TASK TO COMPLETE → Retype each entry exactly.

+++ RECORDS TO USE +++

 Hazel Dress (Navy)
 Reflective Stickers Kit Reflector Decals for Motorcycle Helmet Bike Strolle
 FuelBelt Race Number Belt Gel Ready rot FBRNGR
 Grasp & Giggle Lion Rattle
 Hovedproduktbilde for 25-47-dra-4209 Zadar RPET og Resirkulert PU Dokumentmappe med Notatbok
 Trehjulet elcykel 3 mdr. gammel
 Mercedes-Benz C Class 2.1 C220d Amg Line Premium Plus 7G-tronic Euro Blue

+++

SOLUTION →
 Hazel Dress (Navy)
 Reflective Stickers Kit Reflector Decals for Motorcycle Helmet Bike Strolle
 FuelBelt Race Number Belt Gel Ready rot FBRNGR
 Grasp & Giggle Lion Rattle
 Hovedproduktbilde for 25-47-dra-4209 Zadar RPET og Resirkulert PU Dokumentmappe med Notatbok
 Trehjulet elcykel 3 mdr. gammel
 Mercedes-Benz C Class 2.1 C220d Amg Line Premium Plus 7G-tronic Euro Blue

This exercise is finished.